→ **WORK REQUEST**
Starting with the line that contains "推荐科室 骨科或运动医学科室。 调理要点", copy every line through the end of the data below, exactly and with nothing added.

→ **EXTRACTED INFORMATION**
::::

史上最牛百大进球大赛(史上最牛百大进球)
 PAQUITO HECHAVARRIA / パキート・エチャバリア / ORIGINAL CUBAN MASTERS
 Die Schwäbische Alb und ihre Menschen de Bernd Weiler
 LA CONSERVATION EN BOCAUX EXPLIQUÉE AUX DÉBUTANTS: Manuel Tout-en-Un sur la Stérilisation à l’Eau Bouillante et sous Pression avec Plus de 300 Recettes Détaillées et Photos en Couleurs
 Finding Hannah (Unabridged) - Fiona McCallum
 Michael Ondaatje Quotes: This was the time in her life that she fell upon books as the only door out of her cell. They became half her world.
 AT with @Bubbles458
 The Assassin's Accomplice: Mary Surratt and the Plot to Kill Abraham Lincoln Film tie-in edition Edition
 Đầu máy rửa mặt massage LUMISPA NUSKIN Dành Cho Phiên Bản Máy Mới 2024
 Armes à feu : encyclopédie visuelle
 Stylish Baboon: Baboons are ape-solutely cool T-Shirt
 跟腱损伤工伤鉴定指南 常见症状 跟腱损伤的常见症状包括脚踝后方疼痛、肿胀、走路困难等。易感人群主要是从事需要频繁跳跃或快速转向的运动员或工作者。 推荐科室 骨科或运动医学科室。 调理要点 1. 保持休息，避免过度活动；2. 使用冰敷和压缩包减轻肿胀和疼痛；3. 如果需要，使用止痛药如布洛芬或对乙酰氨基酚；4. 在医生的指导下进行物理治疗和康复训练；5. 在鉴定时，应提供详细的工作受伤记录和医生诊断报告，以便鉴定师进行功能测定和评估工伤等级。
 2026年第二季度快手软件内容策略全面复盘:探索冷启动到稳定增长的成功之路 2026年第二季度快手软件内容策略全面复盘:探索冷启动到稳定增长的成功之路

::::

→ **OUTPUT BELOW**
 跟腱损伤工伤鉴定指南 常见症状 跟腱损伤的常见症状包括脚踝后方疼痛、肿胀、走路困难等。易感人群主要是从事需要频繁跳跃或快速转向的运动员或工作者。 推荐科室 骨科或运动医学科室。 调理要点 1. 保持休息，避免过度活动；2. 使用冰敷和压缩包减轻肿胀和疼痛；3. 如果需要，使用止痛药如布洛芬或对乙酰氨基酚；4. 在医生的指导下进行物理治疗和康复训练；5. 在鉴定时，应提供详细的工作受伤记录和医生诊断报告，以便鉴定师进行功能测定和评估工伤等级。
 2026年第二季度快手软件内容策略全面复盘:探索冷启动到稳定增长的成功之路 2026年第二季度快手软件内容策略全面复盘:探索冷启动到稳定增长的成功之路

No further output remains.